Exercise requirements: Could you print every entry below exactly as given?

Extracted information:
-*-*-
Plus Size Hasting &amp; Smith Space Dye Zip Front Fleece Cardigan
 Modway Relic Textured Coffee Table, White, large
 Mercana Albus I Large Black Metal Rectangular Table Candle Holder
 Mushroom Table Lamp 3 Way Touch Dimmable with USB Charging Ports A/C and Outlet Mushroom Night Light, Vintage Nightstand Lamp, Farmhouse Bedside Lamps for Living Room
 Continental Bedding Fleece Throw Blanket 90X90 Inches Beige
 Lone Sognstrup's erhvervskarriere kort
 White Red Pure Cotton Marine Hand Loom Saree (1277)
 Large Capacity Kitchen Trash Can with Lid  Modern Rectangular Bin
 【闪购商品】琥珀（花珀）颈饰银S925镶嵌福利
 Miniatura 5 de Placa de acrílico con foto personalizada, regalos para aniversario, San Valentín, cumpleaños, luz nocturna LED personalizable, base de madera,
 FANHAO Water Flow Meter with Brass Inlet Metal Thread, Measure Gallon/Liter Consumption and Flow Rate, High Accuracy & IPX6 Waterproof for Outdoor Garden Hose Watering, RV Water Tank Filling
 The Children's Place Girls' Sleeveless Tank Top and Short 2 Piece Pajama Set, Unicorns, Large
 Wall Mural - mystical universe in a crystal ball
-*-*-
Written response:
Plus Size Hasting &amp; Smith Space Dye Zip Front Fleece Cardigan
 Modway Relic Textured Coffee Table, White, large
 Mercana Albus I Large Black Metal Rectangular Table Candle Holder
 Mushroom Table Lamp 3 Way Touch Dimmable with USB Charging Ports A/C and Outlet Mushroom Night Light, Vintage Nightstand Lamp, Farmhouse Bedside Lamps for Living Room
 Continental Bedding Fleece Throw Blanket 90X90 Inches Beige
 Lone Sognstrup's erhvervskarriere kort
 White Red Pure Cotton Marine Hand Loom Saree (1277)
 Large Capacity Kitchen Trash Can with Lid  Modern Rectangular Bin
 【闪购商品】琥珀（花珀）颈饰银S925镶嵌福利
 Miniatura 5 de Placa de acrílico con foto personalizada, regalos para aniversario, San Valentín, cumpleaños, luz nocturna LED personalizable, base de madera,
 FANHAO Water Flow Meter with Brass Inlet Metal Thread, Measure Gallon/Liter Consumption and Flow Rate, High Accuracy & IPX6 Waterproof for Outdoor Garden Hose Watering, RV Water Tank Filling
 The Children's Place Girls' Sleeveless Tank Top and Short 2 Piece Pajama Set, Unicorns, Large
 Wall Mural - mystical universe in a crystal ball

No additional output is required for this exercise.